Algunas mañanas, uno se levanta, contempla Su alrededor, y no puede evitar imaginarse pulsando el botón rojo y, zas, un hongo gigantesco arrasa con todo. Fin de la historia.
Para desahogar ese Impuso de Destrucción se ha desarrollado esta curiosa aplicación llamada Nukemap. En ella también podréis escoger lugares históricos donde realmente han detonado bombas atómicas, como Hiroshima o Nagasaki.
No deja de ser una pequeña curiosidad llena de diversión. Esto es lo que sucedería, por ejemplo, si detonásemos en el centro de la Ciudad de México una bomba Tsar de 50 megatones arrojada por los soviéticos en el Ártico en 1961: una bomba de hidrógeno desarrollada por la Unión Soviética, responsable de la mayor explosión causada por el ser humano:
Nukemap.
Radio de la bola de fuego: 4.62 km (67,1 km ²)

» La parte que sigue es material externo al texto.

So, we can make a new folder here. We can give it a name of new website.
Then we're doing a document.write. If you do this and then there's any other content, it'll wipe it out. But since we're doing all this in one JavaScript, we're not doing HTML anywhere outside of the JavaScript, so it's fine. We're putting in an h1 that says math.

El tamaño máximo de la bola de fuego nuclear; relevancia a efectos vivido depende de la altura de la detonación. Si se toca el suelo, la cantidad de lluvia radiactiva se incrementa significativamente.

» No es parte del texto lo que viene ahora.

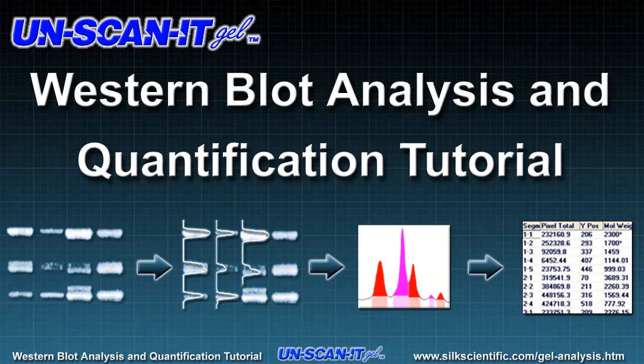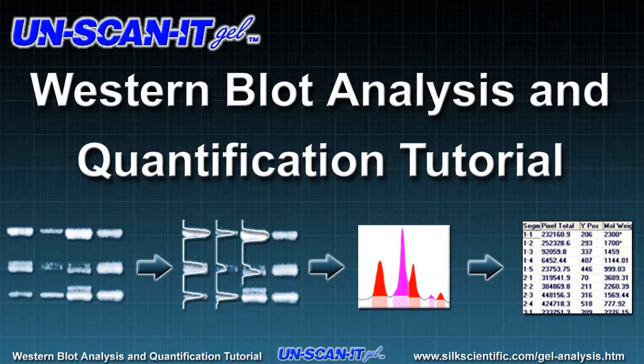Welcome to the Western blot analysis and quantification tutorial for the UnscanitGel software. This tutorial will step you through the process of analyzing and quantifying a Western blot image using the UnscanitGel software.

Los edificios de hormigón construidos están gravemente dañados o demolidos; víctimas mortales se aproximan al 100%. altura óptima de la explosión para maximizar este efecto es de 6,7 km.
Radio radiación térmica (quemaduras de 3er grado): 60 km (11.300 km ²)
quemaduras de tercer grado se extienden a través de las capas de la piel, y son a menudo indolora porque destruyen los nervios del dolor. Pueden causar graves cicatrices o invalidez, y pueden requerir la amputación.